Situation of Economic Instability:
Investment is always equal to savings if total expenditure (C + I) = total income (Y). This is the condition of economic stability or full employment. In such a situation total income (Y) is spent either on the purchase of consumption goods (C) or on the purchase of investment goods (I) which are used for further production.
But, if a part of the income received by an individual is not spent, and if this deficiency of expenditure is not made up by investment expenditure, the reduced expenditure of one will lead to a fall in the income of others, with a lower income they would be able to spend less and then the income of others will also thereby be reduced. The circumference of the circle of income and expenditure will be shortened and this lead to unemployment.
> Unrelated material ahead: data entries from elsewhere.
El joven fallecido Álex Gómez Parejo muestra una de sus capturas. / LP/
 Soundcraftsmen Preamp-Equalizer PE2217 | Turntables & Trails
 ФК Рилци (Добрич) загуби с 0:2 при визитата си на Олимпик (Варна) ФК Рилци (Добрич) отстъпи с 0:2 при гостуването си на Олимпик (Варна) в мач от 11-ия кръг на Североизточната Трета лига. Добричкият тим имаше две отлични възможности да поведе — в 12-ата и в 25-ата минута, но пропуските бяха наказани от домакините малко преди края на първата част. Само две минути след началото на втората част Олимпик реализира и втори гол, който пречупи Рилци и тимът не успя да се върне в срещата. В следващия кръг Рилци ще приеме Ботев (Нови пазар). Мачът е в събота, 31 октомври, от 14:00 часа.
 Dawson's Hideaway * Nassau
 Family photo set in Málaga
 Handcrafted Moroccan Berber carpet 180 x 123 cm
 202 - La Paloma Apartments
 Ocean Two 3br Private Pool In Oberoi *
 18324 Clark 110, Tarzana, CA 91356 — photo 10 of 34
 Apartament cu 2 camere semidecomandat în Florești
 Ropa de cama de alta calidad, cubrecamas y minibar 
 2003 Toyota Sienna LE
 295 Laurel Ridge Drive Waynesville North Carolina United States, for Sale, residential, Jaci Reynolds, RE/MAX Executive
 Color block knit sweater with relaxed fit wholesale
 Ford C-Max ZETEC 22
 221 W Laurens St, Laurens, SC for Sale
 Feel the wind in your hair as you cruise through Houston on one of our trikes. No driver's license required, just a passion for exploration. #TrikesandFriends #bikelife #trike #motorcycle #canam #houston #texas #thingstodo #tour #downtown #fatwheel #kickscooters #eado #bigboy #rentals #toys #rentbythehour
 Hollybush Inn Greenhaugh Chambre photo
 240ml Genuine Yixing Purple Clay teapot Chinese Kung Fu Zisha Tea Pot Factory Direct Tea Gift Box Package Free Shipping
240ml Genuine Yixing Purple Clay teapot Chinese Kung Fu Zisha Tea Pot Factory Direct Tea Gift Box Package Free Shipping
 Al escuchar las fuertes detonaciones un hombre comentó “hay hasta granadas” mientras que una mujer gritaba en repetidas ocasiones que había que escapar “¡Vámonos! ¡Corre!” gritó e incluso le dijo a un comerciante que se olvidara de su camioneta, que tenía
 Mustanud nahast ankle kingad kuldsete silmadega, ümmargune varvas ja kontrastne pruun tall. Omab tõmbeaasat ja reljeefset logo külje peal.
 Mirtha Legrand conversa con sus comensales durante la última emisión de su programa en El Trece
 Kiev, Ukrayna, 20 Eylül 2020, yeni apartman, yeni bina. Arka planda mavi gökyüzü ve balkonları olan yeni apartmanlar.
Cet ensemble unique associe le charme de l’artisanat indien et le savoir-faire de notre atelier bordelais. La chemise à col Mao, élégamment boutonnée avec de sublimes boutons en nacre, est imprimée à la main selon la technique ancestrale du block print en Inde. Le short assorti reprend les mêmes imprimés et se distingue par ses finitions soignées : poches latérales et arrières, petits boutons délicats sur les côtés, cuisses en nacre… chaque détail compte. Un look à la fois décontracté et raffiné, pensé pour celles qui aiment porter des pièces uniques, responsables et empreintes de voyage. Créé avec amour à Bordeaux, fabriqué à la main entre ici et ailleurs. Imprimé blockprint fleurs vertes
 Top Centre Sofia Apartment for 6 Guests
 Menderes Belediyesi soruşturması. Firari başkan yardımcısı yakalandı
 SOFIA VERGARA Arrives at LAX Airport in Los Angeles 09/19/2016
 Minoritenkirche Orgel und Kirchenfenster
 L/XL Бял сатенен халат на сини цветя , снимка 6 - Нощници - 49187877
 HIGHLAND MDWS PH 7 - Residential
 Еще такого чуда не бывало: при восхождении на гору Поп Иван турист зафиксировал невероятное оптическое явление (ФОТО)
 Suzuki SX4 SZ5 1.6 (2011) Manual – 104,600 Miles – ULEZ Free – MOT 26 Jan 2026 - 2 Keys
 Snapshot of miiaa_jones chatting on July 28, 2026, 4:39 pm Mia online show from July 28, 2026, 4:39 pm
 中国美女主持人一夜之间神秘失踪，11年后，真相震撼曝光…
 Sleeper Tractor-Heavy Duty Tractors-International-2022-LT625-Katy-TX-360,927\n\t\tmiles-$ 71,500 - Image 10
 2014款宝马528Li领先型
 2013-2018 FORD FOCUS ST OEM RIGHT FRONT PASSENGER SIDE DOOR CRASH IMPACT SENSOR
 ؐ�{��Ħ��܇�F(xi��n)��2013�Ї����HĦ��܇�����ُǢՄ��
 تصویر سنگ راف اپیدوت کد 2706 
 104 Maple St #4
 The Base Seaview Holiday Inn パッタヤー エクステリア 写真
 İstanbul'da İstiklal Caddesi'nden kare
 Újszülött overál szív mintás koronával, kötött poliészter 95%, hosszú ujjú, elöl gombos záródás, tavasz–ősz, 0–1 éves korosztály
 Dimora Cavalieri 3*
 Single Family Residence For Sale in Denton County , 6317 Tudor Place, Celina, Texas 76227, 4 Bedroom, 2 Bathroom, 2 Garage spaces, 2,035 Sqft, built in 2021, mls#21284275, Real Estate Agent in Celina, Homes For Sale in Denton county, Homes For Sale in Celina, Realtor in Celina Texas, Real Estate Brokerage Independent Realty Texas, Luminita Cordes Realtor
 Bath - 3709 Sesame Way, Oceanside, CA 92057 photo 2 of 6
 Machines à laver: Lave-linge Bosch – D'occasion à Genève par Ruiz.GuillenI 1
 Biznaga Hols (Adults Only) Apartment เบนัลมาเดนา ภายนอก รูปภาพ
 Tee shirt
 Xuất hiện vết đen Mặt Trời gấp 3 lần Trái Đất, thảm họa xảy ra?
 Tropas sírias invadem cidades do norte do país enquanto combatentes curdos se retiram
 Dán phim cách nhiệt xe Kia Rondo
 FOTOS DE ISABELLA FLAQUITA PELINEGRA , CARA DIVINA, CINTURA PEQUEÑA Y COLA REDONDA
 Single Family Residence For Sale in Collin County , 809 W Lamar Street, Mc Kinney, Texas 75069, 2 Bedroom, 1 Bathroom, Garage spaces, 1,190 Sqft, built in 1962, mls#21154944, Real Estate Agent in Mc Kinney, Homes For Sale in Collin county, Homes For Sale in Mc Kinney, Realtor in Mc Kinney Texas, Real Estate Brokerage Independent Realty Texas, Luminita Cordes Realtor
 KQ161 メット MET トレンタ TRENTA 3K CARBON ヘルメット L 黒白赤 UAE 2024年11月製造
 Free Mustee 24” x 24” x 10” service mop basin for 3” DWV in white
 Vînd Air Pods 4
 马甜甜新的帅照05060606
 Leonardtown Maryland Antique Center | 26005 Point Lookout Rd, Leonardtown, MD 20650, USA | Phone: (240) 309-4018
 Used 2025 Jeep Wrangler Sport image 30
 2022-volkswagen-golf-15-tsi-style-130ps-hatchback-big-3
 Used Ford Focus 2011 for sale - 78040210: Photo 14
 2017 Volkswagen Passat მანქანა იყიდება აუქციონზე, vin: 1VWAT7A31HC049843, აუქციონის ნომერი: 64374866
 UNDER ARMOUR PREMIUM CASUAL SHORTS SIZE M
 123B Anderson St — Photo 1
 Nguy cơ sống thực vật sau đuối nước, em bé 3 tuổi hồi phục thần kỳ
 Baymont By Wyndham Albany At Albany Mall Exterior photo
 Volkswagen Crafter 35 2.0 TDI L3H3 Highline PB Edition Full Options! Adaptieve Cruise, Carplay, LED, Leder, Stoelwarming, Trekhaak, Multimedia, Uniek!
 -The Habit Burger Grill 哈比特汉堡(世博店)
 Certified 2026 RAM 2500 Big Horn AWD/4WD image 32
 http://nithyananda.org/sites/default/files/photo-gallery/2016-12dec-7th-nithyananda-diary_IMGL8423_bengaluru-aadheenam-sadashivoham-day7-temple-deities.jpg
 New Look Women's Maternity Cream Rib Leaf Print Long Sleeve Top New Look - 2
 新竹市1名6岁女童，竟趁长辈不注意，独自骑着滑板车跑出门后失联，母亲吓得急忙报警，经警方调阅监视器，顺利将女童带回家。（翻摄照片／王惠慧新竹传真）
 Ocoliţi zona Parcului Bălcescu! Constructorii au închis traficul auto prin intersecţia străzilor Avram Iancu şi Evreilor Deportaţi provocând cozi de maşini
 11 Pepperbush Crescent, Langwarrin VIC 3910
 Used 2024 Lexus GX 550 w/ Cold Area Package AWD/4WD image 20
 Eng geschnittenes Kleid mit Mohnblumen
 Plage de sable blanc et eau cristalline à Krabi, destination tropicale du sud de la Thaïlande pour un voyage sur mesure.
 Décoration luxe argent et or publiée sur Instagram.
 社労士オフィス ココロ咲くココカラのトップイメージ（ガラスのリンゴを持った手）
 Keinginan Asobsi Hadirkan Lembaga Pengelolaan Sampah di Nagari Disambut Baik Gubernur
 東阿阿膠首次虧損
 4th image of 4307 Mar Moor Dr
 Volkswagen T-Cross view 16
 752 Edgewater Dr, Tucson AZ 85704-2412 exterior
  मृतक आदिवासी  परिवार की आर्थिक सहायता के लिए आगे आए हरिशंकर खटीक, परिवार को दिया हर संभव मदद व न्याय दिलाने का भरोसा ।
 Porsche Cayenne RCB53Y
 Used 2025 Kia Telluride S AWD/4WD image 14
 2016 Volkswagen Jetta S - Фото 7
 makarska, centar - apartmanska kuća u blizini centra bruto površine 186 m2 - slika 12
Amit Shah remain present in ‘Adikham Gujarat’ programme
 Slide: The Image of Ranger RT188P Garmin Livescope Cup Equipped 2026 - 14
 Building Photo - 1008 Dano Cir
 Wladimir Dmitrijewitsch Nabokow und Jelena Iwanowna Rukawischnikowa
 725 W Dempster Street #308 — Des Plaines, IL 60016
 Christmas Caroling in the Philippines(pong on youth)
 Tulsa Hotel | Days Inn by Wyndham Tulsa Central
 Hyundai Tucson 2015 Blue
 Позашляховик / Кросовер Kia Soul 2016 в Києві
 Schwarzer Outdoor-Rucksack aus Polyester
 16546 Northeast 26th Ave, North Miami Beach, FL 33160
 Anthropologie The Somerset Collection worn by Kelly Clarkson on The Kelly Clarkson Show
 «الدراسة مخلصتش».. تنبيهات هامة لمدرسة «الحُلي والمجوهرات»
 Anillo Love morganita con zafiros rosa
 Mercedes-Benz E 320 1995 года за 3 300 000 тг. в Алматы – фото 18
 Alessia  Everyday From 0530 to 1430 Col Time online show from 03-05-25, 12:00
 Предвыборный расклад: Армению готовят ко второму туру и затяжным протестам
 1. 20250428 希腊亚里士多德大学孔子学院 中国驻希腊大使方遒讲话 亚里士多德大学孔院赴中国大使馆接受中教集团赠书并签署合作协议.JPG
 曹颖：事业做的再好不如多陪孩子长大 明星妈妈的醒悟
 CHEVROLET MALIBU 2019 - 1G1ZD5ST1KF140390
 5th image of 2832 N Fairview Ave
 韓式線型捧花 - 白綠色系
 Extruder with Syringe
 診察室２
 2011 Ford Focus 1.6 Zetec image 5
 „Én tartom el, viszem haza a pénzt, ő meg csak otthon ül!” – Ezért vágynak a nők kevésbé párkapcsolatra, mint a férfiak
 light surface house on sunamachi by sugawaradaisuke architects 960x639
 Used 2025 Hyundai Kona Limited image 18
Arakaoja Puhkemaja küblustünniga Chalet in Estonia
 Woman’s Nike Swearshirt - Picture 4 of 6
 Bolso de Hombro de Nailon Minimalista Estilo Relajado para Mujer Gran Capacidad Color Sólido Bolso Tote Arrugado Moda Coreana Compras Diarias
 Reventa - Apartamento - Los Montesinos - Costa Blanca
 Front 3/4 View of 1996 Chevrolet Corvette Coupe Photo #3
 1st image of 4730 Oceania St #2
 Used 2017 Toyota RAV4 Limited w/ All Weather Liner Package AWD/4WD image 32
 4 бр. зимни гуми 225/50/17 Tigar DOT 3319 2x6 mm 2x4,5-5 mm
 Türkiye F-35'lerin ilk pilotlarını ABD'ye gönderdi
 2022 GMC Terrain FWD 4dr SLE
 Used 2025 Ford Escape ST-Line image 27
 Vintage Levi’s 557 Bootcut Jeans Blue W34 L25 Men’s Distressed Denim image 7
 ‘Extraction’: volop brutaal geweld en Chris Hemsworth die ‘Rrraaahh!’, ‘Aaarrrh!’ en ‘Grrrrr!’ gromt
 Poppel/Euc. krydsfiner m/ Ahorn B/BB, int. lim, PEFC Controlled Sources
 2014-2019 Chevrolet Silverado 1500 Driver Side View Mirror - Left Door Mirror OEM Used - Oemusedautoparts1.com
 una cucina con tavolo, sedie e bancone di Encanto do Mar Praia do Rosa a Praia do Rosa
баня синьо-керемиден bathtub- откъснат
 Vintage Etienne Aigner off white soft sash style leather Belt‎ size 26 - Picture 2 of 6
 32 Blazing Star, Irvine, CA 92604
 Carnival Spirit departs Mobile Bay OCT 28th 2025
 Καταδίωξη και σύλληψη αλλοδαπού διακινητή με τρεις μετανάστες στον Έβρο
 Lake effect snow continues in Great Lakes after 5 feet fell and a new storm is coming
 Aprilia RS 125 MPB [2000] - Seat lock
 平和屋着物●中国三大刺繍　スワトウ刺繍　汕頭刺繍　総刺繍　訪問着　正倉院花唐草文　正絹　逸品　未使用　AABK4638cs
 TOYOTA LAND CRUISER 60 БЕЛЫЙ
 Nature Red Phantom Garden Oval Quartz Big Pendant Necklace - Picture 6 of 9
However, the propensity to consume tends to diminish as capital income increases. In other words, the propensity to save increases as capital income increases, and a larger proportion of the additional income is saved and is not spent. This saved income creates instability in the economy. Hence, to maintain economic stability, i.e., income and employment at the previous level, it is necessary to offset the effects of the decrease in demand for output due to a decrease in consumption by a corresponding increase in investment expenditure on public works. It is, here the role of public expenditure is emphasized. Here the objective of public expenditure is to maintain a balance as between savings and investments or income and expenditure or aggregate demand and aggregate supply. Thus, public expenditure which is undertaken to offer any deficiency is private spending i.e. effective demand. So as to bring a balance between aggregate demand and aggregate supply (i.e., total expenditure = total income) is called compensatory expenditure.
Keyness pointed out that the aggregate demand function of employment does not automatically adjust itself to the aggregate supply function of employment. This adjustment can be achieved only by a positive and dynamic operation of fiscal policy, i.e., direct government expenditures as well as measures for guiding and influencing private investment decisions.
Thus, Keyness regarded fiscal policy “as a balancing factor” which would “bring about an adjustment between the propensity to consume and the inducement to invest”. He looked at public finance as one of the instruments of a policy designed to bridge the deficiency in aggregate demand function resulting from the deficient behavior of the consumption and investment functions. In this way, the instrument of fiscal policy could raise the economy to a higher level of employment and output.
Keyness advocated the use of fiscal policy as a balancing factor not only in the form of a progressive tax structure to raise the propensity to consume but also in the form of a national investment programme so broad that it may include direct government expenditures as well as measures for guiding and influencing private investment decisions.